> What is required:
Reproduce the entries below exactly, but only from the line containing "斗罗:海神缘抢亲会怎么改呢?凌落辰已经退出,戴华斌还要闹事" to the line containing "皇上你好蔡啊手机正版图3", inclusive.

> Information:
▼▼▼

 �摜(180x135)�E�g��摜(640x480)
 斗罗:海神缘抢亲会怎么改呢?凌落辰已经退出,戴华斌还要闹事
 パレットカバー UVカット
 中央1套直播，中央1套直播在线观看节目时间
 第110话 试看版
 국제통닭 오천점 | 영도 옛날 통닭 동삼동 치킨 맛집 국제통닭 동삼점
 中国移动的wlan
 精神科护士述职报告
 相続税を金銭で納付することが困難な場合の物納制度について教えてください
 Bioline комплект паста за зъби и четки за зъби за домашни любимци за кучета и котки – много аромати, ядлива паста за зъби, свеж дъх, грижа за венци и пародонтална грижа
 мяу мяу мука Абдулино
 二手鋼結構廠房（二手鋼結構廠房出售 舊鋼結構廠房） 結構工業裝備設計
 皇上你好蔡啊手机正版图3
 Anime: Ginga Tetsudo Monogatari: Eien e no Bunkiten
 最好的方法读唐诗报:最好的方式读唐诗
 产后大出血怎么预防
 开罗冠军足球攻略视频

▲▲▲

> Expected answer:
 斗罗:海神缘抢亲会怎么改呢?凌落辰已经退出,戴华斌还要闹事
 パレットカバー UVカット
 中央1套直播，中央1套直播在线观看节目时间
 第110话 试看版
 국제통닭 오천점 | 영도 옛날 통닭 동삼동 치킨 맛집 국제통닭 동삼점
 中国移动的wlan
 精神科护士述职报告
 相続税を金銭で納付することが困難な場合の物納制度について教えてください
 Bioline комплект паста за зъби и четки за зъби за домашни любимци за кучета и котки – много аромати, ядлива паста за зъби, свеж дъх, грижа за венци и пародонтална грижа
 мяу мяу мука Абдулино
 二手鋼結構廠房（二手鋼結構廠房出售 舊鋼結構廠房） 結構工業裝備設計
 皇上你好蔡啊手机正版图3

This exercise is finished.